AIM OF THE TASK
Produce as output only the lines below starting at the line with "Busy outdoor restaurant" and continuing through the line with "A pair of brass gold openable bangle", each one exactly as written.

(Data excerpts)

=== Section Start ===

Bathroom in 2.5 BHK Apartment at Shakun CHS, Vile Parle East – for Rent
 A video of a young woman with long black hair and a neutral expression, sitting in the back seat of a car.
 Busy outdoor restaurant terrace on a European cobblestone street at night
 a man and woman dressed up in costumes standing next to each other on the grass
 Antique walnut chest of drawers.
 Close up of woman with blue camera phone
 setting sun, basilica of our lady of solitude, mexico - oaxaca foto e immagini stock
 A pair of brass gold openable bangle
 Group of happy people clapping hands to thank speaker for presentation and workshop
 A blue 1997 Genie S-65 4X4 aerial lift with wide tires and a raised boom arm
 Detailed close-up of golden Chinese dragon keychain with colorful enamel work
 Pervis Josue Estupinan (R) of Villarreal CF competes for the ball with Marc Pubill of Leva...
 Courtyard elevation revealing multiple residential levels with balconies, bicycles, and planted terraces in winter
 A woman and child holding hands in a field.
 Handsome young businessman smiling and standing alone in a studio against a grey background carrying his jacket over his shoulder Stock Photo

=== Section End ===

ANSWER BELOW
 Busy outdoor restaurant terrace on a European cobblestone street at night
 a man and woman dressed up in costumes standing next to each other on the grass
 Antique walnut chest of drawers.
 Close up of woman with blue camera phone
 setting sun, basilica of our lady of solitude, mexico - oaxaca foto e immagini stock
 A pair of brass gold openable bangle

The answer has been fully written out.